Visualise yourself as a tree.
Put your roots down deep and feel yourself
becoming anchored to the Earth.
Focus on taking your stress and pushing it
out of your feet and into the ground. (Yes, I know that roots suck in and not
out, but it’s a bloody metaphor so go with it.)
Then suck in the energy of the Earth into
your body, trunk – whatever.
This will create grounding energy around
you that will affect everyone with you and help you avoid conflict.
The exercise is meant to help you put ego
aside and focus on the present so that pride doesn’t fuck with you.
Protection
Authenticity. The deal here is that you can’t
be authentic in the light, without also being authentic in the dark. It’s not a
black and white, good and evil thing. It’s just balance. You have to
acknowledge and respect both sides of the coin.
In the morning
Take 3 “gghhh” breaths (I have to find a
cool word for these).
Visualise a blue bubble of light around you.
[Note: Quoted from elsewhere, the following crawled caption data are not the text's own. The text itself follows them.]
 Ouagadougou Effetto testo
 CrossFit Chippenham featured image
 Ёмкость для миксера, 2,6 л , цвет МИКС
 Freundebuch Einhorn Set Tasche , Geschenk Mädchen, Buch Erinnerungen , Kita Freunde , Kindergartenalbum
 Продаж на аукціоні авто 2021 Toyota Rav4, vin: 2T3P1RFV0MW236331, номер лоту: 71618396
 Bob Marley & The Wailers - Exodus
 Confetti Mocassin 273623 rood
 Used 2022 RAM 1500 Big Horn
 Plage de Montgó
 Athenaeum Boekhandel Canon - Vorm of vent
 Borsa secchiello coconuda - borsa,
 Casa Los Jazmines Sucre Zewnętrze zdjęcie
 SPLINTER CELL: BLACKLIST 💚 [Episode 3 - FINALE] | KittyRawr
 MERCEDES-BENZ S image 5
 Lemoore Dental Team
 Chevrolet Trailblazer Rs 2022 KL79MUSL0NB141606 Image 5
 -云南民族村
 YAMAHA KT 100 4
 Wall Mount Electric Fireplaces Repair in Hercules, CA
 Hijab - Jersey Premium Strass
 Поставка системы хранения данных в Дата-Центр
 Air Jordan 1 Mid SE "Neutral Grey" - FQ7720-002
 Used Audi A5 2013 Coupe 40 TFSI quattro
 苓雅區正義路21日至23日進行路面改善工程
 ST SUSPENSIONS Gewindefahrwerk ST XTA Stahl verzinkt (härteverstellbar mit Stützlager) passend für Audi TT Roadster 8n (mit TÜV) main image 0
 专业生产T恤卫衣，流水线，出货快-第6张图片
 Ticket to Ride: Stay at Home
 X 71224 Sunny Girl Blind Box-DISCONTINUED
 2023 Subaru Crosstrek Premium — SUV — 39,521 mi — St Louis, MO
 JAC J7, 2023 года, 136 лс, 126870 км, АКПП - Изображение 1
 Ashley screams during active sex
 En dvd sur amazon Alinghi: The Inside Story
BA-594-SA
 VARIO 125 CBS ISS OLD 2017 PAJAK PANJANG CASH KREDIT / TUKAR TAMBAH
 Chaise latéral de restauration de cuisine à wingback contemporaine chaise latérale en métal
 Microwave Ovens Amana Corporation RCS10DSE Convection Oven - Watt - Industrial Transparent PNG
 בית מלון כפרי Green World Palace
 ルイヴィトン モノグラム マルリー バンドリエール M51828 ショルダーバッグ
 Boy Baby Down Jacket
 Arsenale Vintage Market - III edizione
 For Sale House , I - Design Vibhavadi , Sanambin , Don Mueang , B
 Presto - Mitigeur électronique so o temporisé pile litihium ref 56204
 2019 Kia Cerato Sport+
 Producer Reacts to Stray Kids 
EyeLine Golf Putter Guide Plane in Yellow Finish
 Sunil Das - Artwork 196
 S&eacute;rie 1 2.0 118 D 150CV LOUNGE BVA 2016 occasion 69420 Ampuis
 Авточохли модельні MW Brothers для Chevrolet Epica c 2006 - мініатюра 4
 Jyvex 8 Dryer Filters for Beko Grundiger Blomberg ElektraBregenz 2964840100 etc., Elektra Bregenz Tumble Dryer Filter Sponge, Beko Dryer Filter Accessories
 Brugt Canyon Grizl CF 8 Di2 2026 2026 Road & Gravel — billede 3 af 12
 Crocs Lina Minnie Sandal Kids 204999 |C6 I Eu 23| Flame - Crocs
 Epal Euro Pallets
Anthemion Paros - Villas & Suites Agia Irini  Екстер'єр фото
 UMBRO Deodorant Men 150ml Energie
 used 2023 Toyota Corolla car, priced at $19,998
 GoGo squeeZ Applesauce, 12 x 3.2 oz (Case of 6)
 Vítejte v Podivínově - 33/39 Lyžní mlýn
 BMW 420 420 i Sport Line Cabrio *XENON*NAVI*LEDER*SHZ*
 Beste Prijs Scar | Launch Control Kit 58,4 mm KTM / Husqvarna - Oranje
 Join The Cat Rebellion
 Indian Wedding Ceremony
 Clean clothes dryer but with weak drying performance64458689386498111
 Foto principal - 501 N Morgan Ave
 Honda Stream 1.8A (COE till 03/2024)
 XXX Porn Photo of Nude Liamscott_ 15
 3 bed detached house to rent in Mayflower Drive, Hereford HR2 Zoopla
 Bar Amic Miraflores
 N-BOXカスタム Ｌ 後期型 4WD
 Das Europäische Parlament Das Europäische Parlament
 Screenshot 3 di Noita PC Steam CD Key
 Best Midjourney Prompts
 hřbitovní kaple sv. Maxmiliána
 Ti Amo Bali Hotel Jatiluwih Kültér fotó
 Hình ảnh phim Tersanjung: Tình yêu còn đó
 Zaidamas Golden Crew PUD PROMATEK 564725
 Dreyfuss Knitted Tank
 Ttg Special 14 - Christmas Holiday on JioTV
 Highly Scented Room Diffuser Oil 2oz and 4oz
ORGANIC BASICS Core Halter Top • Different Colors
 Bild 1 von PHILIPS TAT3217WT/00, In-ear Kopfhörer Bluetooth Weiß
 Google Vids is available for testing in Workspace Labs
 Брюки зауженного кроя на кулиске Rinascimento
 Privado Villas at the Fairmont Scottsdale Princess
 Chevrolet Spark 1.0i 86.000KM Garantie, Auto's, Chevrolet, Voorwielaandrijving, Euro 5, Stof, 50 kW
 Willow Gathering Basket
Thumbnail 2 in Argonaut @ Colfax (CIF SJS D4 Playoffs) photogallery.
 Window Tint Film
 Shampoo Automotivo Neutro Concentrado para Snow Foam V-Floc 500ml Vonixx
Visualise a white bubble around the blue
one.
Visualise hundreds of little flakes of
mirror floating in between the two layers.
Say aloud, “Whatever negativity sent to me,
I send back with unconditional love and harming none.”
It sounds pretty passive aggressive, but
kill them with kindness, right?
In the evening
Do the “gghhh” breathing again.
Call the seven archangels to protect you as
you sleep.
Archangel Michael to stand at my right.
Archangel Uriel to stand at my left.
Archangel Gabriel to stand before me.
Archangel Raphael to stand behind me.
Archangel Sandalphon to stand above me.
Archangel Tzakiel to stand below me.
Archangel Metatron to surround me.
Keep me safe in perfect love and perfect trust.
The golden rule
Use this when you sense something hinky nearby.
(By that I mean non-corporeal entities, people.)
Use a no nonsense, take no prisoners,
Mother is talking voice, and say, “Do you walk in the light?” three times.
Basically, despite what I thought, hinky
things from the dark side can’t tell an outright lie. So, they tend to say, “Oh
bugger,” and go poof. And they don’t bring cookies.
Ritual consciousness
This is a good one, especially if, like me,
you’re a nervous wreck of anxiety and looming panic for no reason. Taking a
minute to just bring yourself towards yourself and pull up your big girl panties
is never a bad thing.
Ritual consciousness is a state of
hyper-awareness. It helps you be calmer, focused and creative. You can use this
at any time, any day.
Do 3 “gghhh” breaths.
Visualise a countdown screen in front of
you.
The countdown starts at 13 and moves to 1.
With each number remind yourself to relax
and hold your awareness between your eyebrows.
And then go get ‘em, tiger.
Third eye exercises
- Light a candle and watch the flame. Gradually relax your eyes, do your ‘gghhh’ breathing and watch the energy expand from the flame.
- Ask someone (who will humour you) to stand in front of a white wall and stare at a space above their shoulder. As your eyes relax, you should start to see a shimmer of energy around them.
- Hide under the duvet. Rub your hands together and as you pull them apart stare at the space between your hands. Do not, I repeat, do not, fart.
The last I time I had a medium do a reading for me, she told me that my great-granny said that I made her tomato sandwiches wrong. It’s probably the most accurate reading I’ll ever receive.
It sure sounds like my family. We’re the type who’ll manifest from the other side just to tell our great grandchild that their ass looks fat in those jeans.
Anyway, it isn’t the jeans, it’s the size of my ass.